(Exercise input begins)

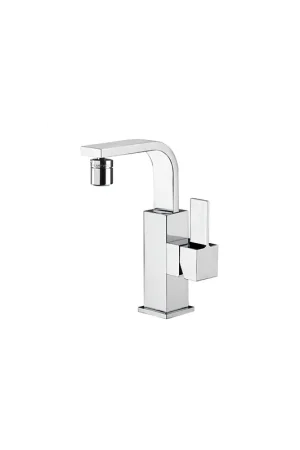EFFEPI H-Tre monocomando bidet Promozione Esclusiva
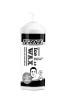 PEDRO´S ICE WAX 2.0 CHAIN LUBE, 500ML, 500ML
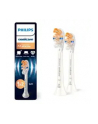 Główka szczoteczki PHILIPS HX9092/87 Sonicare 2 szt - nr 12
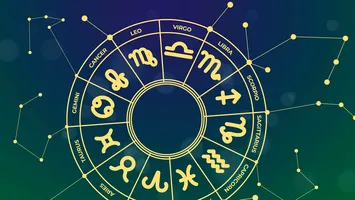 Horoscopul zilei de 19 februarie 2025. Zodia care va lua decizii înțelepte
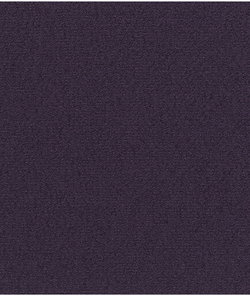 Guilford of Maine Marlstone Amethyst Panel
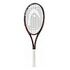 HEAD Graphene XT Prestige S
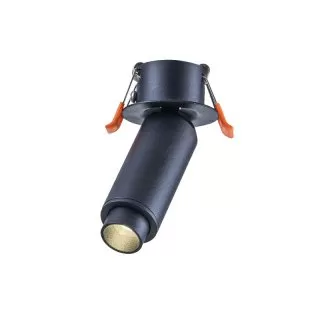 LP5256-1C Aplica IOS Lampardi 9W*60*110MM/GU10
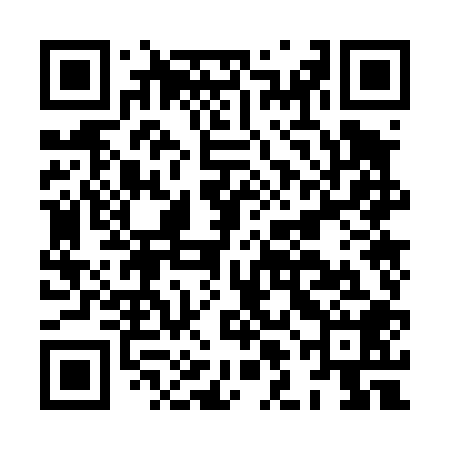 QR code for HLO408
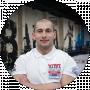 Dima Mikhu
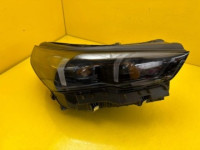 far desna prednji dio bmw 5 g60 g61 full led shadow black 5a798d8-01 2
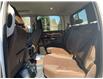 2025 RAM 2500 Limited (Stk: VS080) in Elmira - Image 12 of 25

(Exercise input ends)

### How to complete this task
Repeat all entries exactly. Skip the pictures.

### Task output
EFFEPI H-Tre monocomando bidet Promozione Esclusiva
 PEDRO´S ICE WAX 2.0 CHAIN LUBE, 500ML, 500ML
 Główka szczoteczki PHILIPS HX9092/87 Sonicare 2 szt - nr 12
 Horoscopul zilei de 19 februarie 2025. Zodia care va lua decizii înțelepte
 Guilford of Maine Marlstone Amethyst Panel
 HEAD Graphene XT Prestige S
 LP5256-1C Aplica IOS Lampardi 9W*60*110MM/GU10
 QR code for HLO408
 Dima Mikhu
 far desna prednji dio bmw 5 g60 g61 full led shadow black 5a798d8-01 2
 2025 RAM 2500 Limited (Stk: VS080) in Elmira - Image 12 of 25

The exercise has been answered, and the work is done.